A few years ago, my student-run new music organization Ethos began an “Overnight Composers” series. We bring composers who are relatively early in their careers to campus for a day. There’s no attendant concert or residency other than a couple of lecture-presentations on their own music and a topic of their choice. After treating them well once the lectures are done and putting them up for the night, we fly them back the next morning. It works out really well, since it increases the number of early- and mid-level composers that my students get to interact with (both through the presentations as well as taking them out to dinner afterwards). For many of our guests it also provides a useful line on their tenure dossiers as well as experience presenting their music to a new music department.
This week Jennifer Jolley will be joining us as our first “overnight composer” of the year. An active composer and educator–a recent graduate of the Cincinnati College-Conservatory of Music, she’s just started her first year as the new assistant professor of music composition and theory at Ohio Wesleyan University–Jennifer has garnered quite a following within the new music community, although not for what you would normally expect. While most composers become well-known because of their successes and the accolades that follow, readers of Jennifer’s blog “Why Compose When You Can Blog?” know her because of her failures.
In addition to blog posts on topics such as studying composition, turning 29, explaining why composing in bed is bad for you, taking a lesson with Augusta Read Thomas, and celebrating Cincinnati’s first streetcar, Jennifer has a running series of blog posts (she’s up to #60) entitled “Composer Fail.” Emerging from her suggestion that composers keep their rejection letters from competitions and job applications for scrapbooking purposes, Jennifer decided to post each of her rejections as they came in. Over time she has allowed the series to evolve (eventually adding photos of cats to each one, for instance). “Composer Wins” are posted as well.
I find this interesting and important for a few reasons. First, the fact that Jennifer is already up to sixty “fails” in the two and a half years since she started the series points to the number of competitions for which she’s applying. This is a wonderful demonstration–teaching through example–of the doggedness and stubbornness that many composers need to have in order to establish their reputations and find their place. Second, the simple fact that a composer is brave enough to put their career, with all its nooks and crannies, on public display is notable. Most composers, if they do take care of their public image at all, do their utmost to emphasize only the best parts. While this is perfectly natural–few of us enjoy having a spotlight shone on our foibles–it also has created a slightly “artificially enhanced” quality over a good portion of our community. Finally, one gets the sense–by reading not only the “fail” posts but the entire blog–of who Jennifer is as a person; to be honest, I’m excited to meet her tomorrow partially because I already have a sense of who she is.

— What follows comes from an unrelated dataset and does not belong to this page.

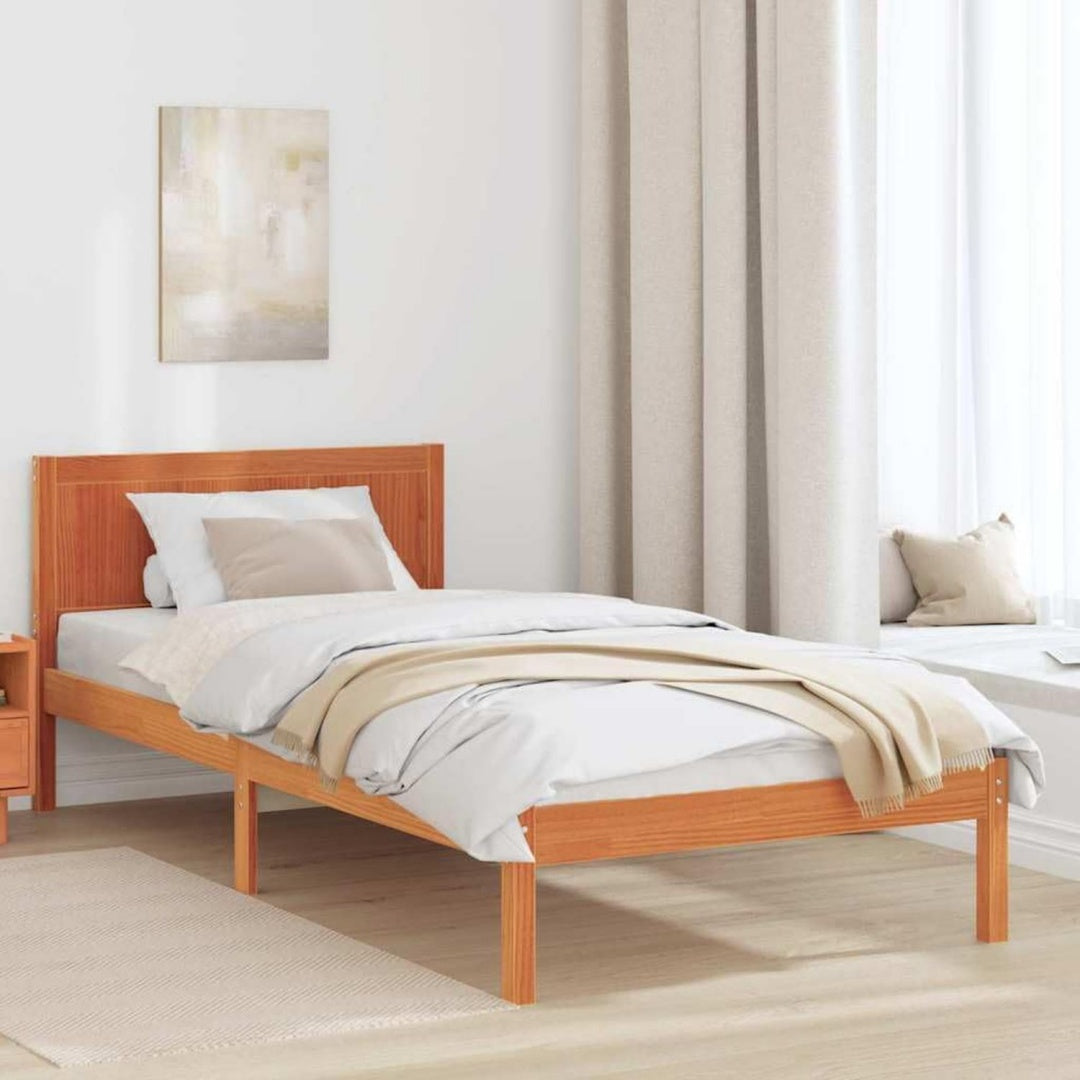 Bettgestell aus Massivholz und Kiefernholz in Naturbraun mit den Massen 90 x 190 cm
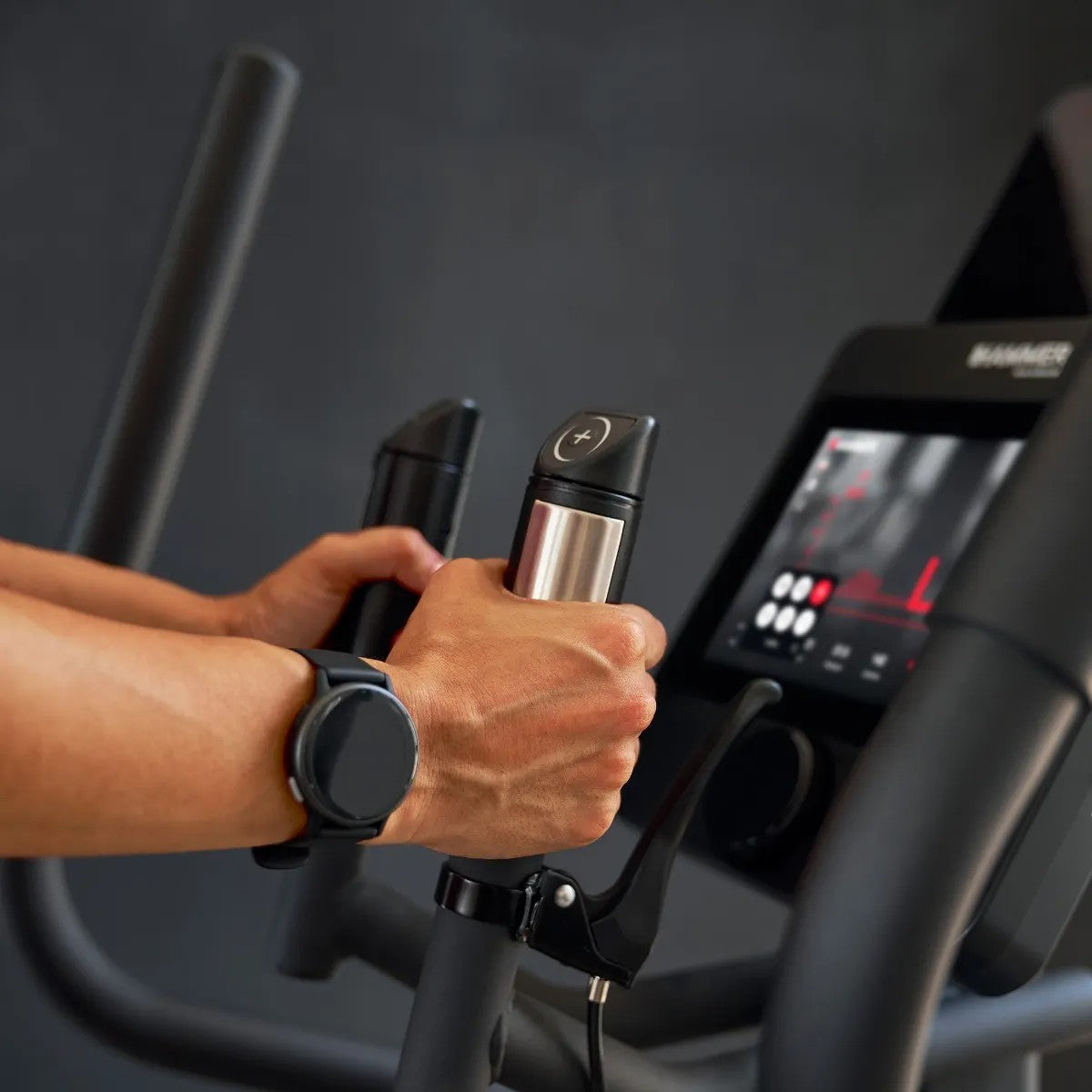 Hammer Maximum Ellipsentrainer E-Glide Acceleton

This last point is especially important for composers. For as much as we would like to have our music be the true conduit through which others can understand who we are, it is increasingly necessary for living composers to allow musicians and audiences to discover who the person is behind the score. Performers want to be able to not only enjoy a composer’s music but enjoy working with a composer on a personal basis. Whether it is through the use of a personal blog–both Nico Muhly and John Mackey are deeply associated with their online musings–or other means, the decision to allow others to see at least a part of one’s life as a composer is something that we all will have to make in the future.